Born in Fox Valley, Oregon in 1910, Morris Graves was a leading proponent of the Northwest School, which he helped to establish. He was the last survivor of a group of four artists described as "Mystic Painters of the Northwest" in an article in a 1953 issue of Life magazine. The other three artists were Mark Tobey, Guy Anderson and Kenneth Callahan. They were known for a philosophy that combined Eastern religious beliefs and an appreciation for the natural world. He was featured at an exhibit titled "Americans 1942: 18 Artists from 9 States" at the Museum of Modern Art in New York in 1942 with 30 of his works.
His painting, much influenced by Oriental art, has much symbolism and elements of surrealism. Most often he used birds, animals and trees as his theme, and his colors are muted and somber.

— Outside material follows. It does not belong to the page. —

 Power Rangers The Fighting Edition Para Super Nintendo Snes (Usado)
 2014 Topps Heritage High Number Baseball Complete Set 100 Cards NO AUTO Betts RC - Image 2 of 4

Graves was influenced by the "white writing" of Mark Tobey. His work also exhibits his interest in Zen Buddhism and other eastern philosophies. His paintings frequently seem very old; as one observer put it, "some have the look almost of fossil rubbings."
Graves began as an oil painter; his paint was heavily handed and thickly applied. Later, however, he gravitated to tempera, gouache, watercolor, ink and wax on thin paper in a technique akin to Oriental scroll painting.
In 1933, he won his first prize in the Northwest Annual Exhibition at the Seattle Art Museum. Three years later he had his first one-man show there. After a stint working in the WPA Federal Art Project, he joined the museum staff, thus getting a chance to study its magnificent collection of oriental art.
In 1946, Graves was awarded a Guggenheim Fellowship for his study in Japan but, with that country still occupied, military authorities would not allow his visit.
Graves died at his home in Loleta, California in 2001.